Sobre a sensação que viveu no momento da descida, a estudante afirma que não esperava se emocionar tanto. “Quando vi eles vindo ao meu encontro e todas àquelas pessoas gritando, me aplaudindo, lembrei de todo o sofrimento, todas as vezes que minha mãe ligava para mim, para saber como eu estava, lembrei também do meu pai, a alegria com que ele trabalhava". Mais uma vez, Kauany deixa as lágrimas caírem durante a entrevista. VEJA:
Preconceito?
Filha de agricultores, vinda da zona rural para cursar Serviço Social em uma universidade particular, é natural que em algum momento Kauany tenha sofrido algum tipo de preconceito por parte dos colegas de classe, certo? Errado.
“Eles me ajudaram muito. Às vezes passava o dia sem me alimentar e as minhas colegas ligavam pra mim, dividam a comida comigo, ofereciam dormida. Jamais sofri preconceito, pelo contrário, todas elas me apoiaram grandemente”, agradece.
Passado, presente e futuro
Kauany enfatiza que da infância até a adolescência ajudava os pais na labuta diária, plantando algodão, feijão, milho, arroz. “Sempre moramos em casa de outras pessoas, cedidas, meu pai, em 2003, ganhava R$ 20 para nos alimentar, eu e mais três irmãos”, afirma.
Mesmo diante das dificuldades, ela nunca deixou de sonhar. “O mais importante é a gente sonhar, quando a gente sonha a gente consegue. Meus pais sempre me incentivaram, principalmente minha mãe. Quando eu disse a primeira vez que queria passar na televisão, ela disse: ‘Minha filha não faça isso, porque você vai ter que ir para longe’, mas ela sempre me apoiou, mesmo na distância. Eles sempre fizeram o que foi possível”, conta a jovem, que já conheceu o PROJAC, ao participar do Projeto Geração Futura, no Rio de Janeiro, e sonha agora em conhecer o ícone da TV brasileira, Silvio Santos.

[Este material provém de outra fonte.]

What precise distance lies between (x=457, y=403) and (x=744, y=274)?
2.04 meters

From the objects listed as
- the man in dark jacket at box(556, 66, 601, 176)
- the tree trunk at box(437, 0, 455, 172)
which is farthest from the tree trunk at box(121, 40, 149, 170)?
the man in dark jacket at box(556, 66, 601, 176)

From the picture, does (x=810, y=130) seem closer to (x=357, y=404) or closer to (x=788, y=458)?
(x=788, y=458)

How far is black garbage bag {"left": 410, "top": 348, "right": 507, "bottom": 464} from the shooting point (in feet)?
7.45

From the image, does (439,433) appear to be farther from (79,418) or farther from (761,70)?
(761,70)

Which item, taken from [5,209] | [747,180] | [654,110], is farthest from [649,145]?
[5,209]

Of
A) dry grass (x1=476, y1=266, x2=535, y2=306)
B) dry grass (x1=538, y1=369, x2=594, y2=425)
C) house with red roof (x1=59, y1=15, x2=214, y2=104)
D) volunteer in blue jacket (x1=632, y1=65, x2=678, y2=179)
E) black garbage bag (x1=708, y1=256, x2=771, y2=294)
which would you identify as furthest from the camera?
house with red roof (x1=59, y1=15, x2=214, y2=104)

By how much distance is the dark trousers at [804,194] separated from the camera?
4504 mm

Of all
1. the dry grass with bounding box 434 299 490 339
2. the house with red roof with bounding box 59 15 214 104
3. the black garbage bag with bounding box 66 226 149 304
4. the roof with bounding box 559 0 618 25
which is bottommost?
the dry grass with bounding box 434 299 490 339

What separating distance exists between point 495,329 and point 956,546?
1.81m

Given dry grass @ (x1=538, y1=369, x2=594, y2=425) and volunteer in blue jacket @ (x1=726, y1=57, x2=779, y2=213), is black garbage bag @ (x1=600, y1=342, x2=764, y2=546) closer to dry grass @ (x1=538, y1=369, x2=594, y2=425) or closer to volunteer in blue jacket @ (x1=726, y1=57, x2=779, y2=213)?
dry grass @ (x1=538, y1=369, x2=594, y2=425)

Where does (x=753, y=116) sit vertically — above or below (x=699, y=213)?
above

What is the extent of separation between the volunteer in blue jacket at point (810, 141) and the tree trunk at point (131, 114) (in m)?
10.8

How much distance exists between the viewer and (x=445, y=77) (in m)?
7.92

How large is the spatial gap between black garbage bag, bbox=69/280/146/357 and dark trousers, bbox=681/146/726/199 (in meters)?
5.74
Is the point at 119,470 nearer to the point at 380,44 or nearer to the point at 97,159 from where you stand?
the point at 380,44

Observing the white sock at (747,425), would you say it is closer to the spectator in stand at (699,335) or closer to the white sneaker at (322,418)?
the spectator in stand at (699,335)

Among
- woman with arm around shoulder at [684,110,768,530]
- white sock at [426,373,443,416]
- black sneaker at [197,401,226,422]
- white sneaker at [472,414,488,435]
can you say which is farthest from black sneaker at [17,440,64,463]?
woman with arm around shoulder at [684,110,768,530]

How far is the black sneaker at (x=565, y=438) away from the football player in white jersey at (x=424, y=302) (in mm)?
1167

Hoje, a estudante cursa o 7º período do curso de Comunicação Social, mora em apartamento próprio, possui transporte próprio, bens que atribui ao esforço do marido, que sempre a incentivou e a ajudou. “Ele mora em Catolé do Rocha e eu aqui. Minha dor também é essa”, revela Kauany.
(Foto: Ismael Sousa/MH)
Sobre o futuro, ela afirma que pretende conciliar as duas profissões. “Eu amo o Serviço Social. E é uma forma de poder ajudar tantas outras pessoas, é uma forma de poder lutar pelas melhorias de políticas públicas para os trabalhadores como meus pais. Eu quero exercer a minha função de assistente social e também exercer o jornalismo, que é um sonho.

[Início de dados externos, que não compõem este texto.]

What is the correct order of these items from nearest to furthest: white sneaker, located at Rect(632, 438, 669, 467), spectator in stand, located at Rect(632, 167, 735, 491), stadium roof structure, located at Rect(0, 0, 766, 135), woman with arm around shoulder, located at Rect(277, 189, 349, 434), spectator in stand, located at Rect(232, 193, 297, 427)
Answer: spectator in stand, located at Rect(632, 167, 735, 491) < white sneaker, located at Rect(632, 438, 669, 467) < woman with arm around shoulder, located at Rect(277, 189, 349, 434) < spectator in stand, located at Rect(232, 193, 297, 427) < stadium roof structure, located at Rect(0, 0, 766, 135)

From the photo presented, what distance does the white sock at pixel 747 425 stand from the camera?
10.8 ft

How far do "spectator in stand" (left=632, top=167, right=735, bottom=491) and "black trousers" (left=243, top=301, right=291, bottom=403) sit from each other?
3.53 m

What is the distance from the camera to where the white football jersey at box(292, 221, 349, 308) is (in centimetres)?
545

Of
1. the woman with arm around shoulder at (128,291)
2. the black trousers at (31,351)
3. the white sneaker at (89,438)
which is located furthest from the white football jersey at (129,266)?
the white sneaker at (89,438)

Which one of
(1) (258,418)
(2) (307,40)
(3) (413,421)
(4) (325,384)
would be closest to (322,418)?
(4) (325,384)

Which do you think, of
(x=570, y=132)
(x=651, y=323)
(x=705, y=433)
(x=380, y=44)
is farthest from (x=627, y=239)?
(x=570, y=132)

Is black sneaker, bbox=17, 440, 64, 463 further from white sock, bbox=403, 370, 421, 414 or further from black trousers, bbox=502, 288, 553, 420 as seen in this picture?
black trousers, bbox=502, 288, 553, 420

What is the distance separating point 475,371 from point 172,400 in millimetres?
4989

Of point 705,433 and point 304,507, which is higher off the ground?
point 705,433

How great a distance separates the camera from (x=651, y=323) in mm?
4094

Kauany também pretende continuar os estudos cursando Mestrado e Doutorado, mas sem esquecer o objetivo principal: “Dar o melhor para os meus pais, fazendo isso o resto eu corro atrás, enfrento, sigo a vida e consigo”, reforça.
Para a jovem, que no alto dos seus 24 anos já conseguiu concretizar tantos sonhos, os pais agricultores representam tudo. “São tudo na minha vida. Representam o sonho, a alegria, a gratidão, a luta de todas as pessoas, que assim como eu muitos filhos de agricultores, sonham em estudar numa faculdade”.
“Todos os dias quando eu acordava para estudar e me levantava, com duas faculdades, trabalho, não tinha onde dormir, muitas vezes nem onde comer, eu sempre lembrava deles e de tantas outras pessoas que queriam estar no meu lugar, estudando”, frisa.
Mensagem
Para finalizar, Kauany deixa uma mensagem para quem se depara com dificuldades pelo caminho em busca da realização de sonhos. "Não desistam de lutar, principalmente pelos seus pais, não desistam na vida, de tentar sempre outra vez, porque a vida não é fácil. Se desistirmos no primeiro obstáculo não chegaremos ao sucesso, e sucesso não é ser grande, não é ter muito dinheiro, é poder ter essa gratidão, ter a alegria de compartilhar a vitória ao lado das pessoas que nos amam, isso não tem preço”, conclui.